Every April, a significant portion of the South Asian tech workforce in the United States enters a period of collective anxiety. The H-1B lottery results are coming. Hundreds of thousands of people — many of whom have lived here for years, built careers, bought cars, formed relationships — are waiting to find out if their right to remain is a random number generator away from disappearing.
This is not normal. But it has become so common that many people don't fully register how psychologically harmful it is.
What Legal Precarity Does to the Mind
Chronic uncertainty is one of the most psychologically damaging conditions humans can experience. The brain's threat-detection systems evolved to handle acute, time-limited dangers — a predator, a storm. They are not well-equipped to handle years of ongoing uncertainty about something as fundamental as where you're allowed to live.
What visa anxiety produces, over time:
The Compound Effects
Visa anxiety rarely travels alone.
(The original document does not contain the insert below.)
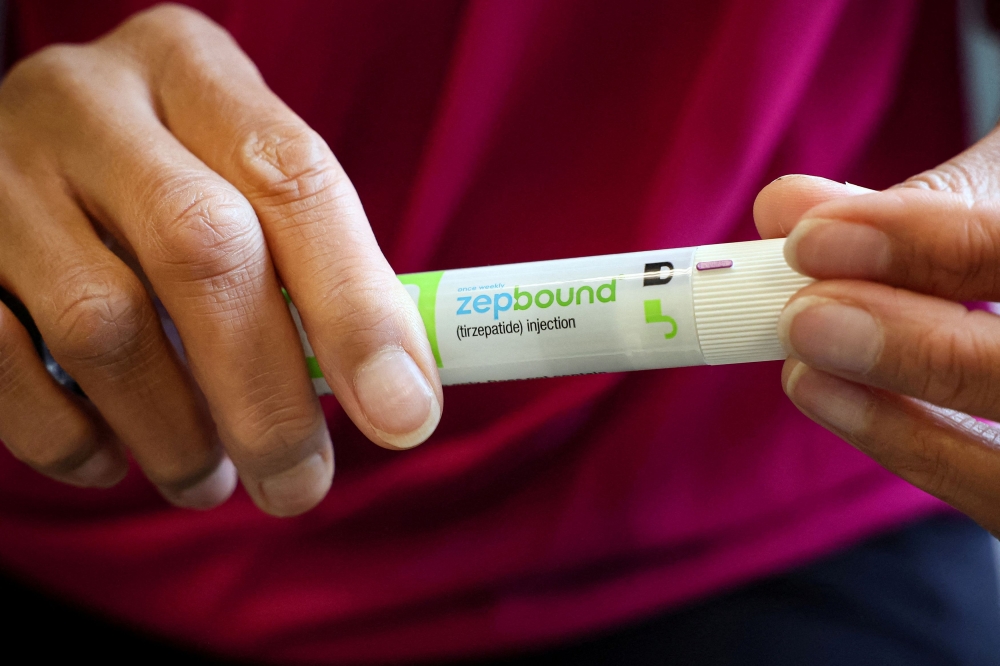 Zepbound, a weight-loss medication received FDA approval as the first drug treatment for sleep apnea. — FIle image from Reuters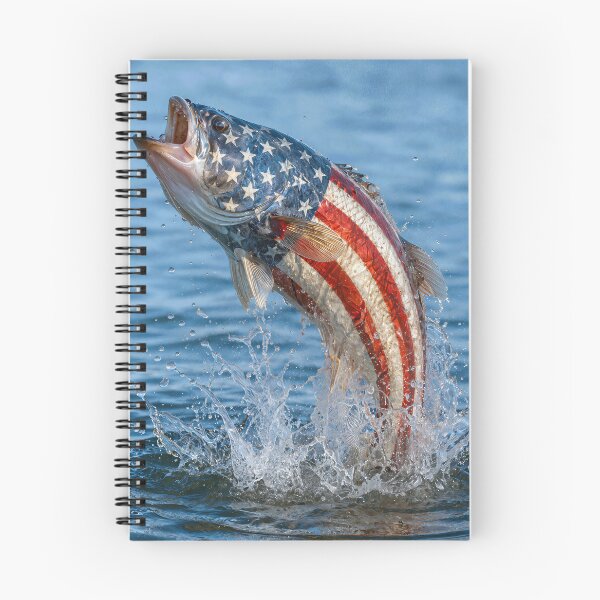 Item preview, American Patriotic Fish Jumping Out of Water designed and sold by Maria Dryfhout.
It compounds:
*With work stress:* Your employer holds enormous power over your status. Power imbalances are harder to navigate when leaving might also mean leaving the country.
*With relationship stress:* Do you tell someone you're dating that your visa situation is complicated? How do you plan a life with someone when you don't know which country you'll be in next year?
*With family pressure:* Parents who sacrificed for you to be in America are watching the lottery too. Their anxiety becomes yours.
What Helps
*Name it as a mental health issue, not just a logistical one.* The anxiety you're experiencing is a reasonable response to an unreasonable situation. It deserves the same care as any other mental health stressor.
*Find community with others in the same situation.* There is a specific relief in being with people who don't need the visa system explained to them. Reddit forums like r/immigration, H-1B support groups, and South Asian professional networks can provide this.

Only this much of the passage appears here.